To use the shared option, follow this example:

mothur > remove.groups(shared=final.opti_mcc.shared, groups=F3D0-F3D1-F3D8)

This generates the file final.opti_mcc.0.03.pick.shared, which contains the following lines:

label	Group	numOtus	Otu001	Otu002	Otu003	Otu004	Otu005	Otu006	Otu007	Otu008	Otu009	Otu010	Otu011	Otu012	...
0.03	F3D141	500	388	335	301	482	425	279	206	331	119	175	111	101	8	13	28	96	60	4	37	45	48	76	11	42	6	...
0.03	F3D142	500	244	258	142	152	253	193	201	81	72	43	51	81	96	6	8	45	24	5	21	4	9	28	20	7	4	...
0.03	F3D143	500	189	152	173	207	308	183	116	92	62	76	70	43	37	2	7	36	26	1	15	9	8	56	17	13	3	...
0.03	F3D144	500	346	243	260	316	469	282	132	36	140	256	96	84	13	7	10	100	38	5	39	39	14	13	17	23	3	...
0.03	F3D145	500	566	445	461	527	665	471	362	127	217	319	131	188	18	8	14	107	81	5	81	32	11	12	18	11	5	...
0.03	F3D146	500	270	204	225	365	397	257	193	66	78	185	80	71	4	39	22	35	47	3	29	18	21	68	24	24	19	...
0.03	F3D147	500	1316	1107	819	1052	1619	1051	545	89	240	498	526	476	135	22	70	277	358	31	117	139	...
0.03	F3D148	500	750	666	520	830	1230	725	499	542	186	419	283	239	17	47	43	248	186	44	106	105	24	87	88	24	...
0.03	F3D149	500	770	701	650	861	879	651	454	542	257	497	290	159	74	39	37	163	155	3	99	133	41	245	32	59	8	...
0.03	F3D150	500	265	207	343	436	281	276	182	110	132	57	161	71	55	19	18	30	58	4	40	19	12	128	29	22	6	...
0.03	F3D2	500	3076	1439	1065	451	148	410	354	1222	572	60	306	143	308	550	337	17	32	378	173	29	148	...
0.03	F3D3	500	831	543	400	187	23	213	448	398	268	175	221	65	84	16	47	22	13	328	89	115	34	1	18	19	35	...
0.03	F3D5	500	278	235	236	148	20	137	142	193	191	67	115	66	45	83	78	29	12	13	40	7	38	2	116	32	47	...
0.03	F3D6	500	902	608	507	381	12	356	501	250	218	48	128	59	392	72	54	0	6	66	34	26	50	5	72	52	57	...
0.03	F3D7	500	576	449	385	294	9	235	517	223	251	13	117	43	106	25	35	2	7	37	15	35	13	2	32	12	10	...
0.03	F3D9	500	435	374	429	189	5	255	610	419	203	28	97	22	166	98	94	0	8	39	33	22	37	3	79	45	37	...
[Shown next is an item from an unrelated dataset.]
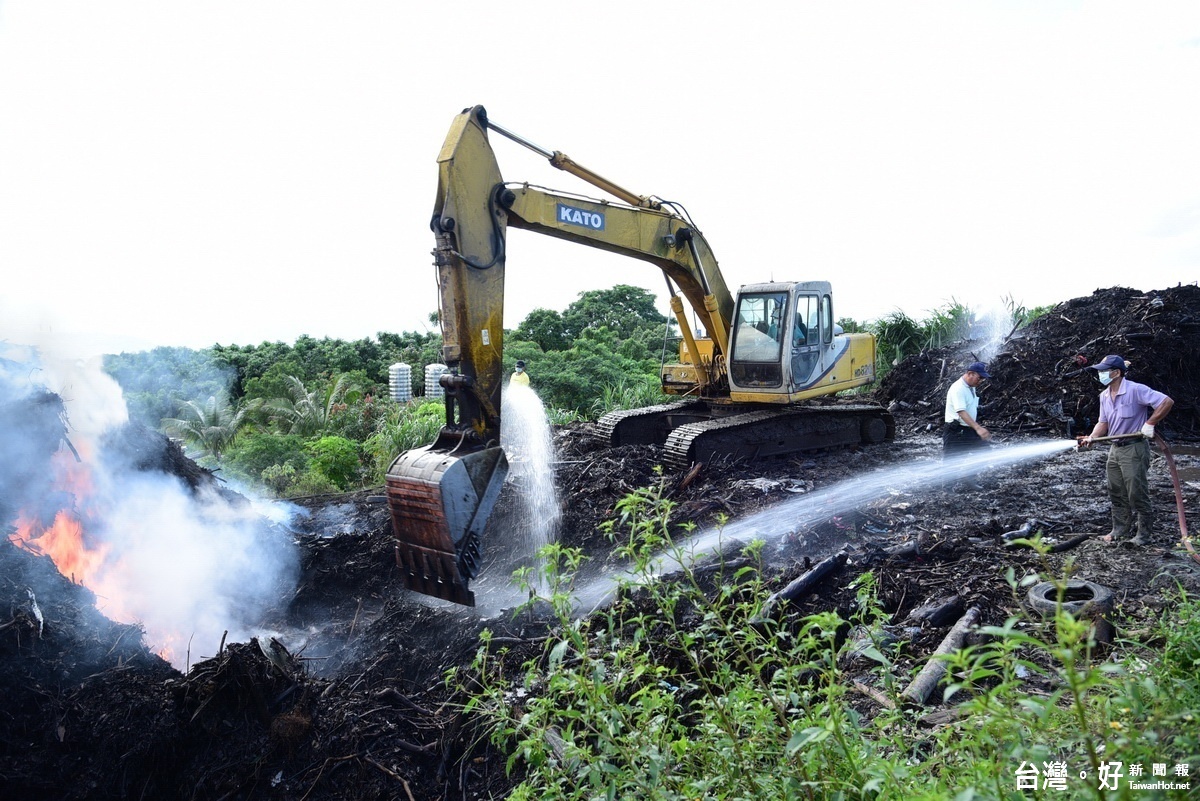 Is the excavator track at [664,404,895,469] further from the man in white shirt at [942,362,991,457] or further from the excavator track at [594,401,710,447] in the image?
the man in white shirt at [942,362,991,457]

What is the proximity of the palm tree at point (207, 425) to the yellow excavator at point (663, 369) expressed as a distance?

You can see that some OTU’s were entirely eliminated because they do not contain sequences from the groups F3D141, F3D142, F3D143, F3D144, F3D145, F3D146, F3D147, F3D148, F3D149, F3D150, F3D2, F3D3, F3D5, F3D6, F3D7 or F3D9.

design

To use the design option, follow this example:

mothur > remove.groups(shared=final.opti_mcc.shared, design=mouse.time.design, groups=F3D0-F3D1-F3D8)

mouse.time.design looks like:

group	treatment
F3D0   Early
F3D1   Early
F3D141 Late
F3D142 Late
F3D143 Late
F3D144 Late
F3D145 Late
F3D146 Late
F3D147 Late
F3D148 Late
F3D149 Late
F3D150 Late
F3D2   Early
F3D3   Early
F3D5   Early
F3D6   Early
F3D7   Early
F3D8   Early
F3D9   Early

The resulting mouse.time.pick.design file will look like:

group	treatment
F3D141	Late
F3D142	Late
F3D143	Late
F3D144	Late
F3D145	Late
F3D146	Late
F3D147	Late
F3D148	Late
F3D149	Late
F3D150	Late
F3D2	Early
F3D3	Early
F3D5	Early
F3D6	Early
F3D7	Early
F3D9	Early

sets

The sets parameter allows you to specify which of the sets in your designfile you would like to remove. You can separate set names with dashes. If you want to remove all the groups in the Early treatment, try this:

mothur > remove.groups(shared=final.opti_mcc.shared, design=mouse.time.design, sets=Early)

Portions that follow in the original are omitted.